EmptyNokia Theatre, Los Angeles
Thursday, Oct. 18
There was an audible grumble traveling through the Nokia Theatre about 15 minutes into the venue's inaugural headlining set Thursday. The hometown-hero Eagles had just played their fourth consecutive new song to open the show.
"They'd better stick to the old ones," an unsmiling woman groused.
While awaiting the catalog onslaught, she and others likely missed something: Those first two songs were pretty good. "How Long" -- the country-rockin' lead single from the band's first album since the Carter administration, "Long Road Out of Eden," due Oct. 30 -- and the cautionary "Busy Being Fabulous" had a vintage Eagles vibe and came off well.
All four rookie tunes featured different lead vocalists. But those last two new ones? Well, the crowd likely had forgotten about them halfway through the opening guitar riff of "Hotel California," which followed. Surprisingly, it was the last they heard of the new record all night.
From then on, opening night at the Nokia was a nonstop flight to hitsville. Don Henley, Glenn Frey, Joe Walsh, Timothy B. Schmit and an eight-piece band delivered two hours of Eagles hits sprinkled with solo material and a James Gang nugget.
Henley and Walsh's distinctive voices still have enough edge to drive a decades-old radio staple.
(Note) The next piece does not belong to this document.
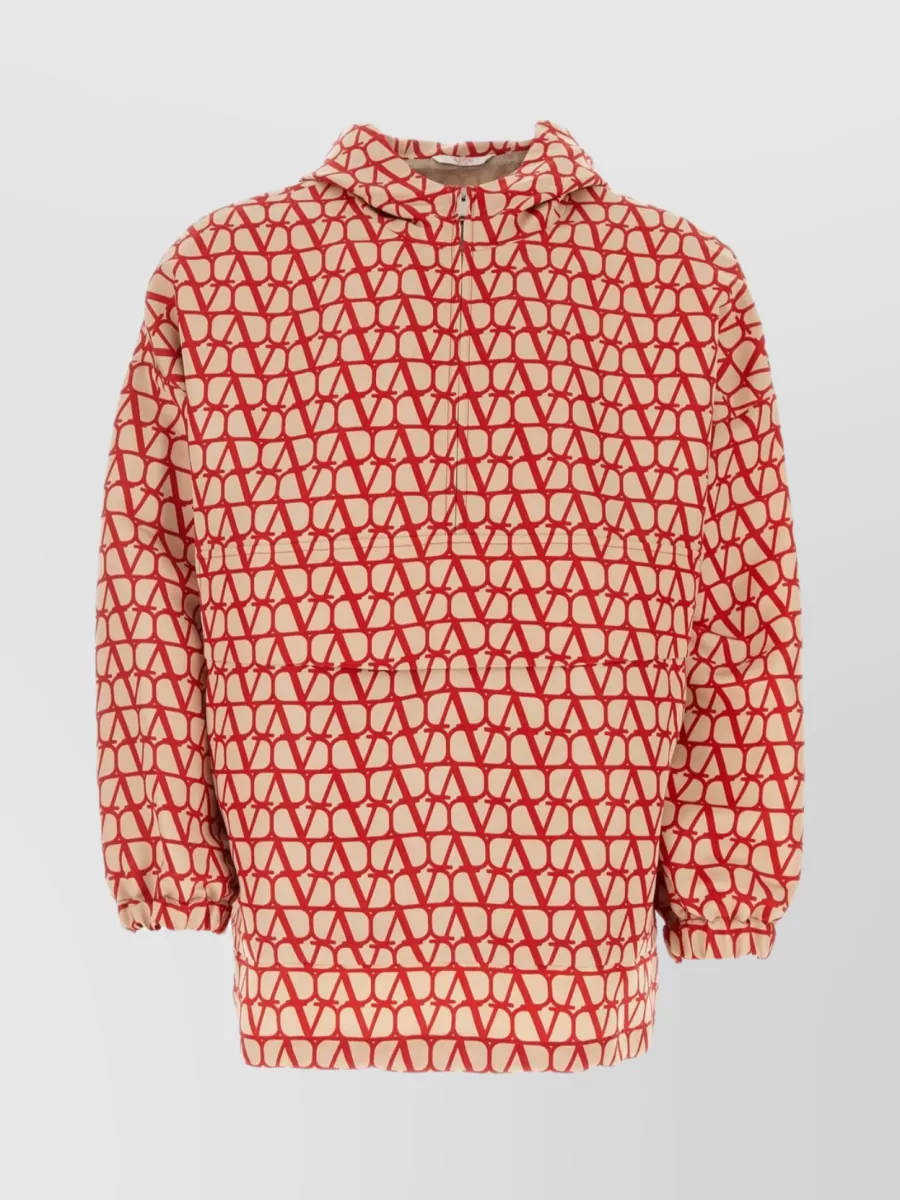Shop Valentino Structured Geometric Pattern Jacket In Pastel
Henley, for example, pulled off the falsetto chorus of "One of These Nights" with aplomb, and the typically playful Walsh fairly nailed "In the City." Henley even added a few gratuitous drum fills on the latter song.
Eagles can still deliver, and by the time they dusted off the participatory "Heartache Tonight," a quick look around the venue showed wide smiles on faces throughout the all-ages crowd.
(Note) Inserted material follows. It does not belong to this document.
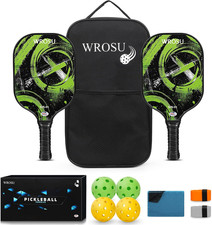 Carbon Fiber Pickleball Paddles Set of 4 or 2 Rackets,Usapa Approved Pickleballs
As L.A.'s unofficial spokes-band, Eagles was an inspired choice to christen the Nokia. So was opening act Dixie Chicks, the huge-selling and politically polarizing country trio that swept the Grammys in February across the street at Staples Center.
The double bill's six-night run represents the Chicks' only concerts of 2007. But they didn't seem so much rusty as a little disinterested -- likely because of their unfamiliar role as openers and a subsonic crowd response. The show started about 20 minutes late, giving singer Natalie Maines a chance to rib the locals. "Only in L.A.," she said, "would people pay $300 a ticket and be half an hour late."
The Chicks' banjo-guitar-fiddle base is enjoyable enough that the six-man backing band feels extraneous, providing more polish than depth. One wonders how the trio might sound with just a drummer. The set would have benefited from heavier doses of pickin' and grinnin' -- as on "White Trash Wedding" -- and a little more punch.
But the Chicks never can go wrong with "Goodbye Earl," the he-needed-killin' sing-along that has to rate among the country gems of the '90s. The biggest crowd response was for Grammy favorite "Not Ready to Make Nice," the band's "comeback" single in response to the beating it took at country radio in the wake of Maines' anti-Bush comments in 2003.
Nodding to that controversy, the Chicks had taken the stage to the haughty strains of "Hail to the Chief." But rather surprisingly for a pre-election year, that was the only whit of political statement that came from the stage all night from either act. Even Henley kept his normally vocal activism to himself.
Meanwhile, with a pair of megaplatinum bands as its first test, the 7,100-seat, $120 million Nokia lived up to the hype. With its elevated ceiling, high-tech acoustics, huge stage, HD video screens and excellent sightlines, the hall straddles the line between theater intimacy and arena splash. Indeed, two levels of luxury boxes flank the main floor on either side.
With all that interior room, it was oddly apropos that the first song played in the joint was "Wide Open Spaces."
Interesting touches include splashy lobby lighting that changes color and high-capacity two-tiered restrooms. Snickering anti-L.A. types will enjoy needling the concessions menu, which features such easy-target buzzwords as organic and gourmet.
Traffic could be dodgy when there are simultaneous Staples Center and Nokia Theatre events, but it seemed under control on opening night. The Nokia -- the first element of AEG's mammoth L.A. Live project -- certainly is a splendid addition to the local concert scene. Bookings in the coming weeks include Neil Young, Mary J. Blige, Queens of the Stone Age and John Fogerty.
Eagles and Dixie Chicks return to Nokia on Wednesday, Friday and Saturday.